If the answer is yes, the politics of dividing, immiserating, invading, and blockading Sunni countries (except those with oil and gas) make a certain sense. If the region is viewed as a seething cauldron and source of trouble and discontent, then engagement should be focused on coercion and containment. Conversely, the emergence of cooperation among Sunni majority states to stabilize the fractured corners of their geocultural space seems a threat, and the West might be right to infer malign intent.

In other words, many in the West became fixated with the wrong Sunni question—captured most famously by Bernard Lewis’ What Went Wrong? Published in 2002, the book was criticized for factual inaccuracies, sweeping generalizations and mischaracterizations, as Juan Cole noted in a review that same year. It notably ignores Sunni-majority countries that have acted in strategic concert with the West—such as Türkiye in NATO, the Gulf states in energy markets, and Pakistan during the Cold War. Nevertheless, the Lewis framing became the dominant paradigm in Washington: the conviction that the "Islamic World" had become broken and antithetical to the West, perhaps irretrievably so.

In that sense, we can understand the West’s 15-year reluctance to meaningfully act against Assad in Syria, despite his threats and harm against the West as well as his own people. U.S. policies on Libya, Mideast Peace, Afghanistan, Lebanon, Yemen, Iraq in the current century were all marked by a muddled mix of force and distancing that makes sense only when we realize that the underlying vision was fatalistic and negative.

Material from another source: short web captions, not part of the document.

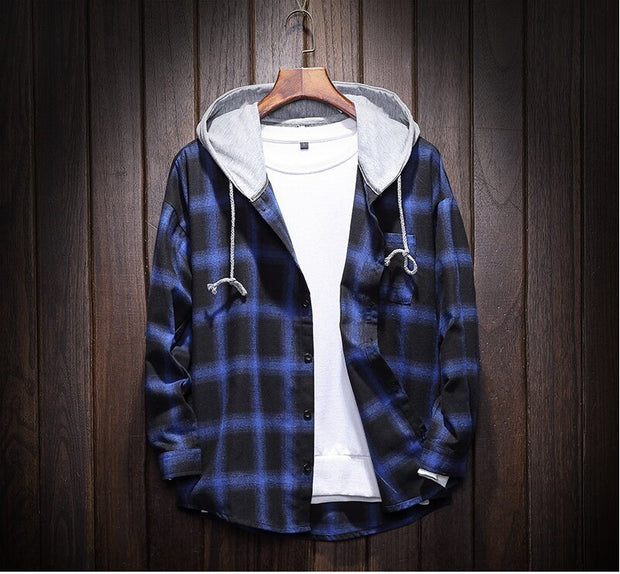 West louis plaid casual hooded shirt Clearance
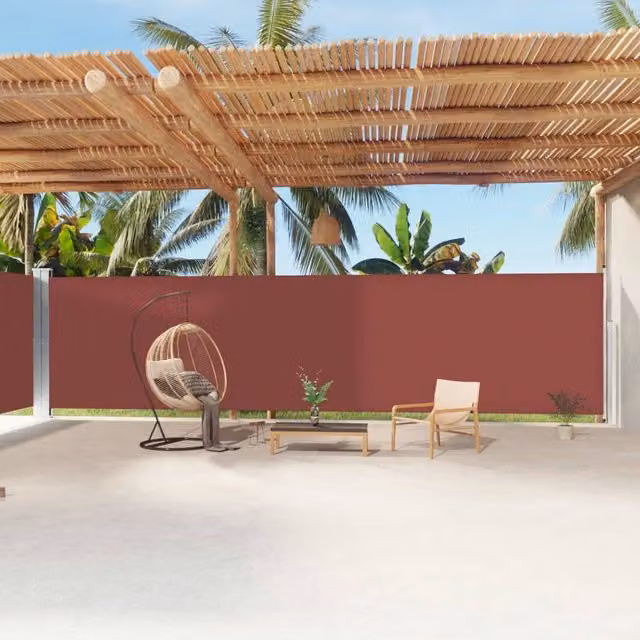 Berkfield Home Retractable Single Roller Side Awning in Brown, W/D/H: 1200 x 200 cm – 1
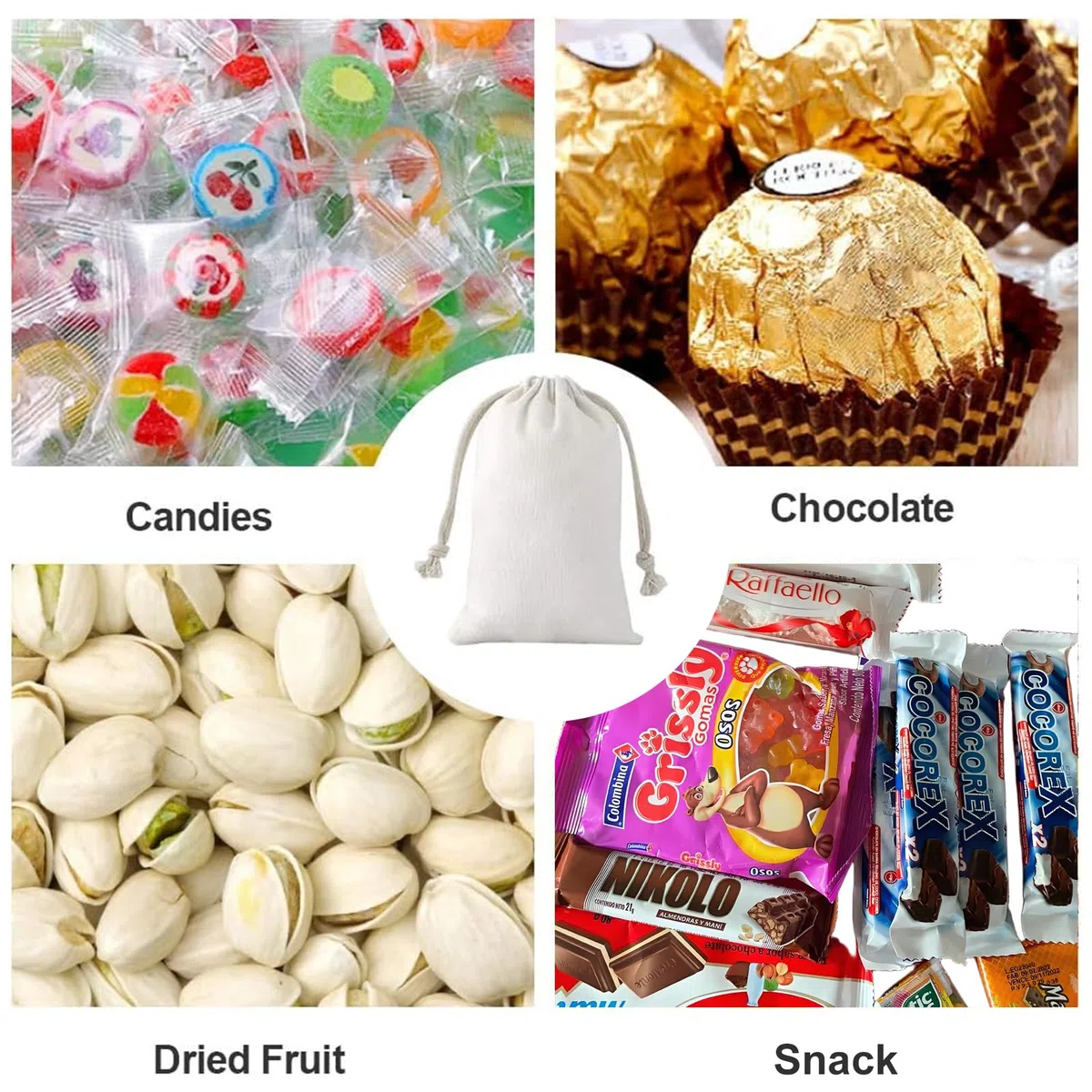 SumDirect 20 sacchetti in mussola di cotone, bianchi, mini, leggeri, traspiranti, con coulisse, riutilizzabili, per matrimoni, feste, compleanni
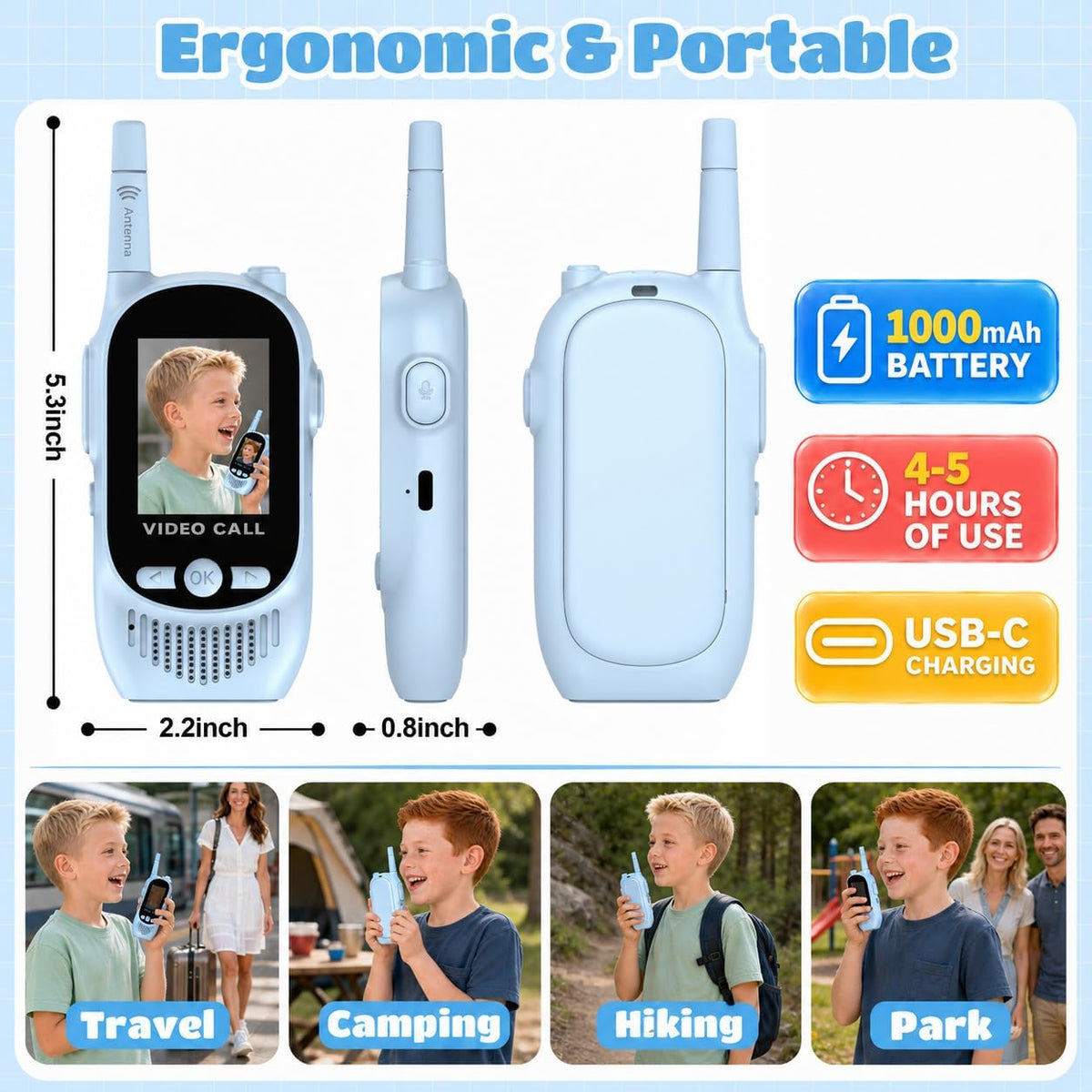 Walkie Talkies de video para niños, paquete de 2 walkie talkies recargables con cámara y pantalla, radios bidireccionales de largo alcance para acampar en interiores y exteriores, regalos para niñas y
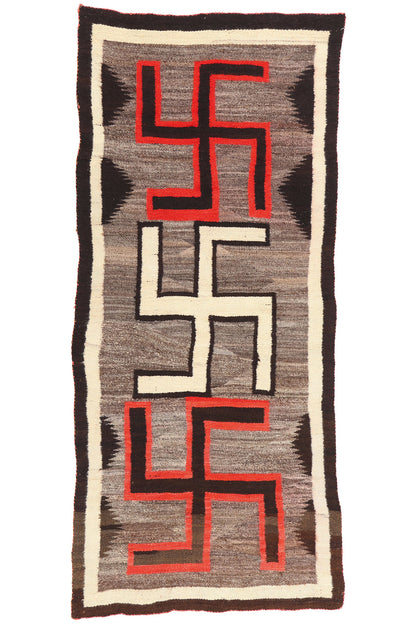 3 x 8 Antique Crystal Whirling Log Navajo Rug 78928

Turkish President Recep Tayyip Erdogan and Egyptian President Abdel Fattah el-Sisi attend the signing ceremony for the agreements following their meeting in Cairo, Egypt, on February 4, 2026. (Collage by Türkiye Today / Zehra Kurtulus)
Turkish President Recep Tayyip Erdogan and Egyptian President Abdel Fattah el-Sisi attend the signing ceremony for the agreements following their meeting in Cairo, Egypt, on February 4, 2026. (Collage by Türkiye Today / Zehra Kurtulus)

A better 'Sunni question'

Western observers would be better served by a lens of geopolitical analysis—one that assumes pragmatism and self-interest take priorityrather than a culturalist or Orientalist lens that assumes irrationality rooted either in ideology or incapacity.

In this light, the “Sunni question” shifts; it becomes “what common interest might drive major regional powers from rivalry toward cooperation, and whether such a shift represents a threat or an opportunity for the U.S. and other Western powers?

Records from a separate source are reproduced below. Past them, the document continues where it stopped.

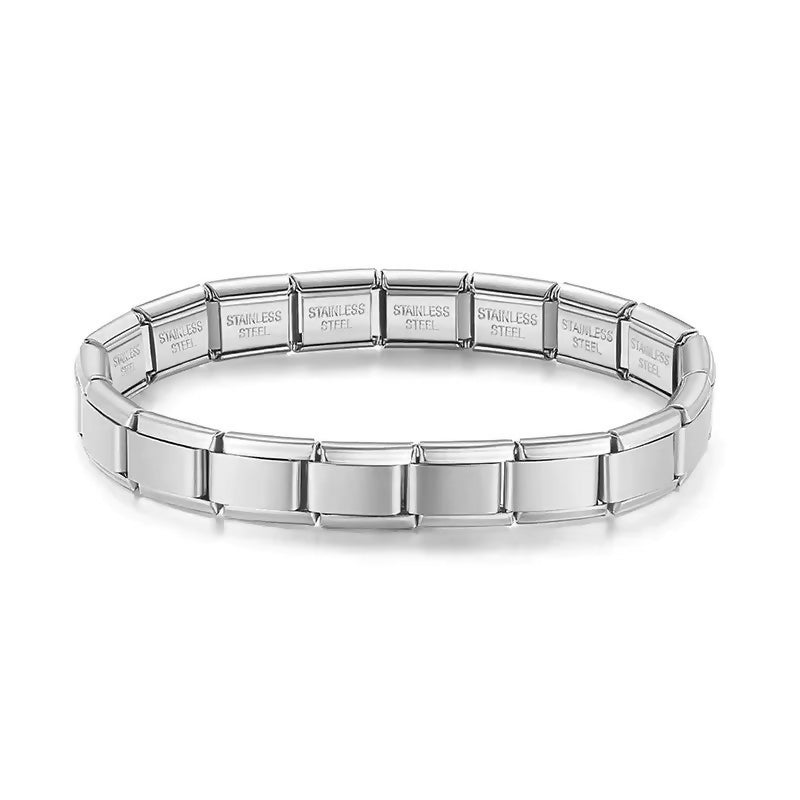Women's Jewelry DIY 9mm Width Itanlian Elastic Charm Bracelet Fashion Stainless Steel Fashion Bangle- on Lucasgift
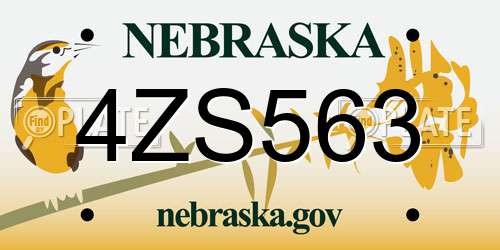 4ZS563 Nebraska License Plate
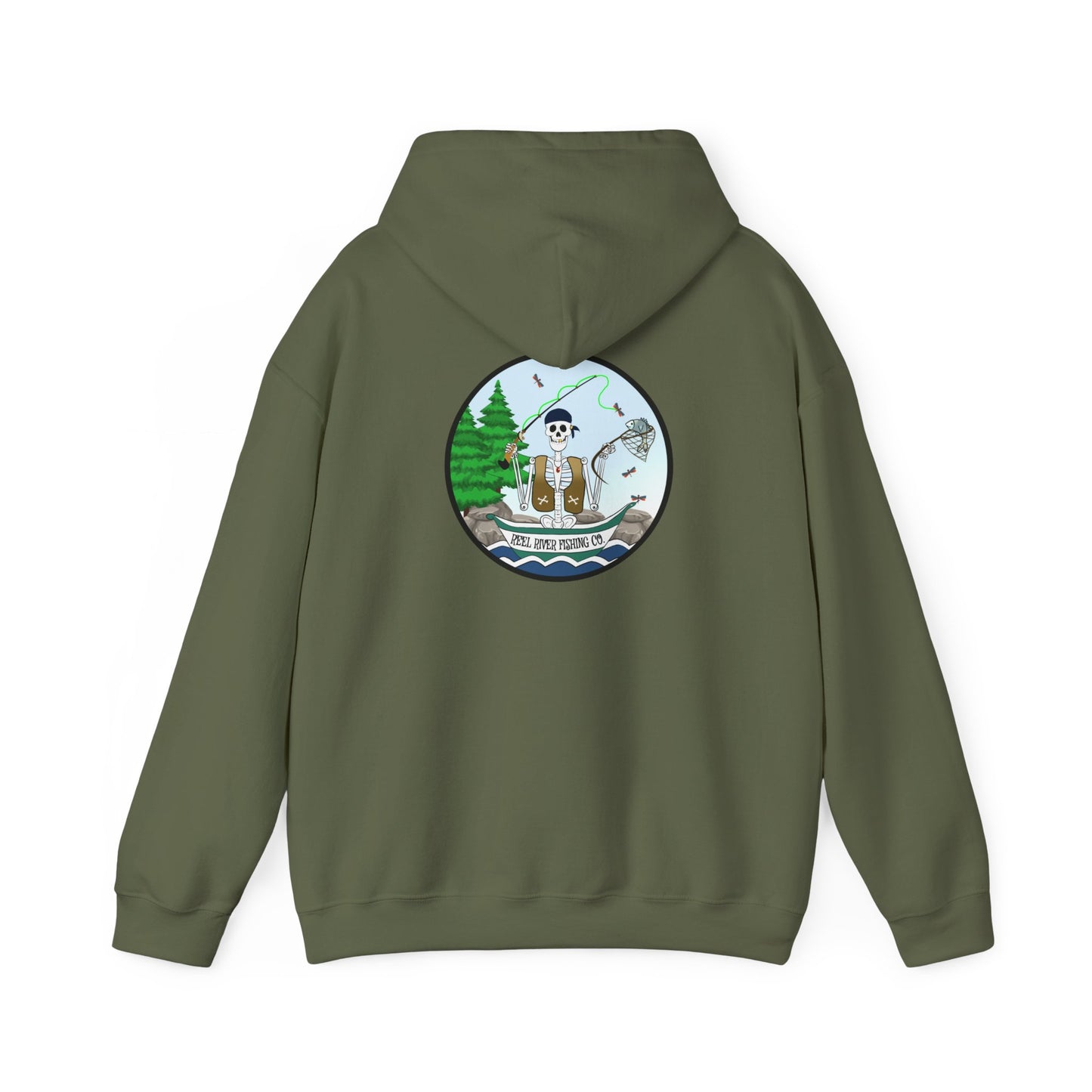 Reel River Fishing Co., The Classic All Day Hooded Sweatshirt, in Military Green, Sand, Sport Grey, Light Blue, Antique Sapphire, Indigo Blue & Black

The answer to the first part is that these powers seek to stabilize conflict zones within the “Sunni neighborhood”—areas defined by human suffering—so that they can join the evolving economic and political arrangements of the 21st century.

What the U.S. and U.N. have proven incapable of solving might now be solved through a combination of Gulf funding, Turkish military muscle and creative diplomacy. This means the construction of an axis of consolidation against a status quo based on fragmentation and strategic arson by external powers.

As for the second part, President Trump seems less wed to ideological predispositions and prevailing wisdom in Washington and more driven by the art of the possible. The Trump foreign policy encourages allied regional powers to take responsibility for their regions—Europe for Ukraine, Japan and Korea for the Pacific, Sunni powers for the Mideast.

Washington’s public intellectuals and analytic class may not have caught on yet, but the recent turn toward cooperation among our friends in the region fits perfectly with Trump’s vision of a reformed and sustainable global order.

Far from being a threat, it presents an opportunity to reduce ambiguity and cynicism in U.S. foreign policy and implement a pragmatic and commercially-oriented approach with concrete benefits for our national interest—as well as for the people of the region. To this Sunni question, Washington’s answer should be an emphatic “yes.”